L'évolution de l'hydro-électricité en France montre une courbe étrange (image ci-dessus, source CRE 2020): croissance régulière des années 1950 aux années 1980, et... plus rien, un arrêt net au début des années 1990. Depuis environ 30 ans, la puissance installée se situe vers 25 GW, la production annuelle vers 70 TWh, la croissance est à peine perceptible tant elle est modeste.
Pour justifier cela, certains affirment que le potentiel hydroélectrique français a été presque totalement exploité et qu'il ne reste plus grand chose à faire. France Nature Environnement écrit par exemple dans sa brochure 2016 sur l'énergie hydraulique : "Le parc hydroélectrique français est pourtant déjà développé à plus de 90 %". Cet élément de langage est fréquemment entendu.
Mais c'est inexact. En réalité, cet argument est le fait des lobbies qui ont lutté contre cette énergie hydro-électrique, qui ont largement contribué à son arrêt dans les années 1990 et qui ont accentué leurs exigences dans les années 2000 et 2010, avec la politique de destruction pure et simple des ouvrages hydrauliques.
Commençons par explorer la question du potentiel hydro-électrique français.
Les rapports d'étude montrent que le potentiel énergétique de l'eau n'est nullement épuisé
En 1975, suite au premier choc pétrolier, une commission présidée par le sénateur Pintat à la demande du ministère de l’industrie et de la recherche met en évidence comme potentiel hydraulique de la France:
- un potentiel théorique de 266 TWh/an dont la moitié est peu utilisable, car cela conduirait à submerger d’importantes parties du territoire;
- un potentiel techniquement rentable de 100 TWh/an (inventorié par EDF dès 1953, confirmé depuis par les différentes études);
- un potentiel économiquement équipable variable selon la comparaison économique avec les moyens de production alternatifs;
- un gisement de stations de transfert d’énergie par pompage (STEP) de 20 000 MW.
Ces chiffres excluent toutefois le potentiel de la petite hydraulique en dessous de 2 MW, notamment car les petites chutes ne correspondent pas au schéma technique et financier de l'électricien national EDF (voir les précisions chez Rabaud et Catalan 1986).

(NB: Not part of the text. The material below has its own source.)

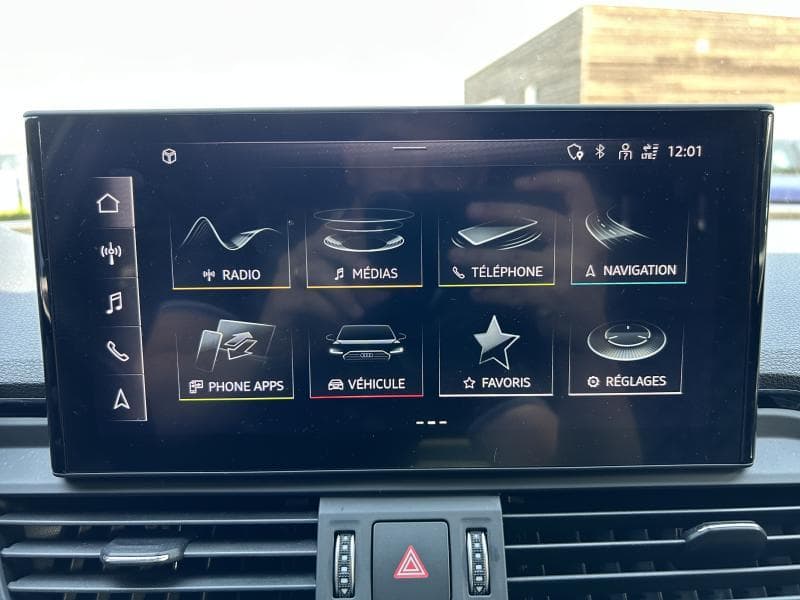 Audi Q5 Sportback S-Line int/Ext | 2.0 TDI 163 CV | Boite auto | Camera | Toit ouv et pano | Sieges av chauff - 28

Par tradition, l'entreprise publique privilégie les projets de grandes centrales (charbon, nucléaire, hydraulique) mais ne s'y retrouve pas dans les schémas de petite hydraulique, qui sont pourtant, de très loin, les plus nombreux et les plus facilement actionnables sur les rivières françaises. La haute fonction publique aura tendance à s'aligner sur ces vues d'EDF, ce dont on trouve la trace aujourd'hui encore.
En 2006, le Rapport sur les perspectives de développement de la production hydro-électrique en France, dit "rapport Dambrine" du nom de son premier auteur, rappelle ces données et les considère comme toujours valides, modulo l'interprétation des règles françaises et européennes de protection environnementale.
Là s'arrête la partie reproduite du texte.